Febrero regalaba un naranja suave que venía del azul más diáfano que se pueda imaginar. El naranja se fundía en redondeles como los que hace el pincel de acuarela en el vaso de agua y suave, acompasado, se convertía en violeta.
De repente estaba envuelto en uno de esos momentos en que la magia parece venir a apoderarse de todo y de todos. El momento justo en que el sol da su guiño, cuando la noche aprovecha y se le abalanza como una pantera para cegarlo definitivamente. Son dos segundos, un abrir y cerrar de ojos y la señora noche cubre con su capa todo el sol con un golpe de cadera de cabaret. Es el atardecer un momento increíble. Un instante que nos llena de emoción, que nos enseña que no sabemos nada de colores. Y al otro día vuelve a mostrarnos que no aprendimos nada, que jamás sabremos nada de colores. Si algún día nos parece que ya no hay qué nos sorprenda, siempre tendremos un atardecer más.
Ribetes pálidos en un horizonte que perdió la pulseada, la noche promete llegar de un momento a otro. Estoy ansioso esperando ese instante. He pasado todo este rato extasiado con los caprichos del color, para llegar a mi encuentro.
Comienza todo cuando las primeras estrellas parpadean aún como desperezándose. Cuando los diamantes tirados al azar sobre el terciopelo negro van ocupando su lugar. De pronto veo a mi izquierda que se ha terminado de armar el cinturón de Orión. Esa es la que esperaba, la estrella de abajo, la del pie, es mi preferida. Allí vive un amigo mío, un queridísimo amigo. Un ser especial, revoltoso, dueño de una vitalidad envidiable. De esos tipos que rara vez te cruzas en la vida y parece que quieren vivir diez vidas en una sola. Se que vive allí, en la estrella más baja de Orión, porque cada vez que pasé por un momento difícil lo tuve para pedirle que me echara una mano. Para que me ayudara a aclararme, para que conversara conmigo un rato. Este tipazo vivió sus diez vidas en una sola y muy joven se fue a vivir a aquella estrella.

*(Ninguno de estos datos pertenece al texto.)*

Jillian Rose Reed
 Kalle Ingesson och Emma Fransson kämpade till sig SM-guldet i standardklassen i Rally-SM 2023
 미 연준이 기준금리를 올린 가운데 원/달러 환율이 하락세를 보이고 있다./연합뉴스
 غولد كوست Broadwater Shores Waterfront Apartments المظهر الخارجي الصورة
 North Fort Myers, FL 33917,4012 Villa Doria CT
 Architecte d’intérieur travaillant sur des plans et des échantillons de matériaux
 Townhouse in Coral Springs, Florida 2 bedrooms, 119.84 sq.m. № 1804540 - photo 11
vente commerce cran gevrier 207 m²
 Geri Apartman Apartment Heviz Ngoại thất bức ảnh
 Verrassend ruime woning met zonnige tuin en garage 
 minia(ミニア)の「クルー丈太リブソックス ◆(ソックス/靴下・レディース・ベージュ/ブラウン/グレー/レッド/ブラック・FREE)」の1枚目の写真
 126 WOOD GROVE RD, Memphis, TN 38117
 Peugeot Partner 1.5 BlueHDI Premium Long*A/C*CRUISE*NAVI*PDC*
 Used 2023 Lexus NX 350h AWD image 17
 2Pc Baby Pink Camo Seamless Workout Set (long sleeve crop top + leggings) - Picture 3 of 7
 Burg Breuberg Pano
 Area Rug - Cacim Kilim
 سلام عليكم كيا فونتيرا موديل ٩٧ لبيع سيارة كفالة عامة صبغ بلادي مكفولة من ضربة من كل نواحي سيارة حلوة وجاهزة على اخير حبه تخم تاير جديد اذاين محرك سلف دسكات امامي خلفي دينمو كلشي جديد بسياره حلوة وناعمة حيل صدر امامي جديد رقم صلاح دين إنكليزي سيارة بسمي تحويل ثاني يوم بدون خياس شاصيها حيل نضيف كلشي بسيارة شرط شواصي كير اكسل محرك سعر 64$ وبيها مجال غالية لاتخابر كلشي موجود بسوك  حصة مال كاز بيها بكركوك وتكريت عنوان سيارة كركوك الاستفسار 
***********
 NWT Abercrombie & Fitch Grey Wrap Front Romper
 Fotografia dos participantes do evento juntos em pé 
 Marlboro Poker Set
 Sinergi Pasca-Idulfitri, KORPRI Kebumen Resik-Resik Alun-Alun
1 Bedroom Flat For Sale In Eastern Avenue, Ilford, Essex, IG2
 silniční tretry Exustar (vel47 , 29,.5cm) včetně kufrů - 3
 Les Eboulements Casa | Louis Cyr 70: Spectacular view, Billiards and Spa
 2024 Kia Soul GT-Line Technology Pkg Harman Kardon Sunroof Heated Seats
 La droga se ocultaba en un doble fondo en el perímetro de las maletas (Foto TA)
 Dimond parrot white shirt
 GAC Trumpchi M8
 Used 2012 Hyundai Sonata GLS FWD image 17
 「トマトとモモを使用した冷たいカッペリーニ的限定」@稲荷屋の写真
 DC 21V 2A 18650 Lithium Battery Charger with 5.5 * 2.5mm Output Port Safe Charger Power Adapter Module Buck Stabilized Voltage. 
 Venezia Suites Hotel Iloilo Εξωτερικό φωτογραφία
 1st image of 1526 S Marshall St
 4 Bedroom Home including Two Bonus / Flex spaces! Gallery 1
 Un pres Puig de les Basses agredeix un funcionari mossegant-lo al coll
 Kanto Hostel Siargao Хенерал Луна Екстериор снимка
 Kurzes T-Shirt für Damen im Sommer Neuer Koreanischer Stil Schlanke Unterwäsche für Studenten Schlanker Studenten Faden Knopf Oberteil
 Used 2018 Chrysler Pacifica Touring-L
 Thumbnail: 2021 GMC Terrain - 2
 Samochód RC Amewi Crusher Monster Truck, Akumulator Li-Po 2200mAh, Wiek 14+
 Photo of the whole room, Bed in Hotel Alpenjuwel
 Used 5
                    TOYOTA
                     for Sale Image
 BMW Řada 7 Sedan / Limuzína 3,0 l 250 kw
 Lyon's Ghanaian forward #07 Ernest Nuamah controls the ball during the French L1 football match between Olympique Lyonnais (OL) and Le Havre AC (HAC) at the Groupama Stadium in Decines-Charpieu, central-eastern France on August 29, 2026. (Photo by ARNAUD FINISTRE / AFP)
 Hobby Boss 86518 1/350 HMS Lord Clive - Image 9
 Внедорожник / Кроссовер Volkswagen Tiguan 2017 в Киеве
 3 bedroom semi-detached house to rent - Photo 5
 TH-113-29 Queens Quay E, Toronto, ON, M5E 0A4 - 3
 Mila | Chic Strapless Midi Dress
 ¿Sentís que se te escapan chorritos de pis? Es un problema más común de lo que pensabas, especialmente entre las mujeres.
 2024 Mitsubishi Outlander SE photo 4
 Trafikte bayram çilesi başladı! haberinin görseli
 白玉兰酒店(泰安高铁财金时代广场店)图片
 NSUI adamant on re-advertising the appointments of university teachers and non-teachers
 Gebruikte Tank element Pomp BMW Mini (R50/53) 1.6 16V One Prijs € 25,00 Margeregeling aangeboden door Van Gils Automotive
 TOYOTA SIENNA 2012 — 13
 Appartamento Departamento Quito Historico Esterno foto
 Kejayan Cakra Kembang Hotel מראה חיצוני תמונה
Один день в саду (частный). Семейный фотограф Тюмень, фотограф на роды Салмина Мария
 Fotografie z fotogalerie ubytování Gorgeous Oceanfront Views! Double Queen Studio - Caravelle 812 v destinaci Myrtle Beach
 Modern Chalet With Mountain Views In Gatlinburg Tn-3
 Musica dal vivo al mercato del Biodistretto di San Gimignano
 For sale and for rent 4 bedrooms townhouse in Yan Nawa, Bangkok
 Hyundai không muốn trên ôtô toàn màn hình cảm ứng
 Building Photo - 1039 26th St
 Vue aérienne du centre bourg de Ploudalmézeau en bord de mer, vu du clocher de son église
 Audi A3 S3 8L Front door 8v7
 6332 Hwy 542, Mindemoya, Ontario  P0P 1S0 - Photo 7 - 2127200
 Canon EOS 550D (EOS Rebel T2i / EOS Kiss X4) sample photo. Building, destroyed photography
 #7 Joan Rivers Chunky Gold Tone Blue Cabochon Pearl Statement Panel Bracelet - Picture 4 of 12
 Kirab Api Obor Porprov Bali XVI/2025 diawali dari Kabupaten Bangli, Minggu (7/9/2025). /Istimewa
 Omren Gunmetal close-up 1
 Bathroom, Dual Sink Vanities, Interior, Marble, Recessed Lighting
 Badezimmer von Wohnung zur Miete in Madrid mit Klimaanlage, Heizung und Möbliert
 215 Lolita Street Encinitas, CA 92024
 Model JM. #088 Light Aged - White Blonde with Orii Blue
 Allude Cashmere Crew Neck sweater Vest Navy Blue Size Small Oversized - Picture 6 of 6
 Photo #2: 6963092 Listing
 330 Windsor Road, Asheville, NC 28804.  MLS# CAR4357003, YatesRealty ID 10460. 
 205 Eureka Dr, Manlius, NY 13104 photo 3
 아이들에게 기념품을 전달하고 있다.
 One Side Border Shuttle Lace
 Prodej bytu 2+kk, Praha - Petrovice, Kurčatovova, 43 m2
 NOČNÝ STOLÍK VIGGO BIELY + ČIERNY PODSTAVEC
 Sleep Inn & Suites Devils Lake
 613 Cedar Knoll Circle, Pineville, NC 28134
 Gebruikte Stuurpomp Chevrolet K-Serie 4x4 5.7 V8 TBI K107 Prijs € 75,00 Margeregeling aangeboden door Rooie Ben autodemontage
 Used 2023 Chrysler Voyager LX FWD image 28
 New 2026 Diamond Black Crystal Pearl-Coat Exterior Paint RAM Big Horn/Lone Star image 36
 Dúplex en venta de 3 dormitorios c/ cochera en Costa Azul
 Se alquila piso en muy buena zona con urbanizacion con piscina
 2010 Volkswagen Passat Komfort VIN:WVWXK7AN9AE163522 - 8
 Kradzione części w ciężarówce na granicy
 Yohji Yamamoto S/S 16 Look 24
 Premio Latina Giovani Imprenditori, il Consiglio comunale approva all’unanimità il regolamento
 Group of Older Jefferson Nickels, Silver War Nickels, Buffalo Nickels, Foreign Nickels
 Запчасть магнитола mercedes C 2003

Fue mi primera gran pérdida, fue el momento en que descubrí que todo puede pasar. Que los vientos pueden girar y se vuela todo al revés. Que cuando las cosas se vuelan no se puede salir corriendo detrás, el viento es veloz. Y un chico en la alborada de su vida nos dice adiós, que se va a vivir a una estrella, que elijamos cual. Cuando veo que el sol se torna más rojizo, cuando percibo esa brumilla que se le cuela por los costados, dejo lo que esté haciendo, no importa que sea, jamás será más importante; y me siento un momento a esperar a mi primo. Lo saludo, le guiño un ojo y sigo con lo mío. Cuando veas un sol rojizo, siéntate un instante, siempre tendrás una estrella para poner un amigo. No se, pero me da la sensación de que puede estar más contento allí. O seré yo, no lo se.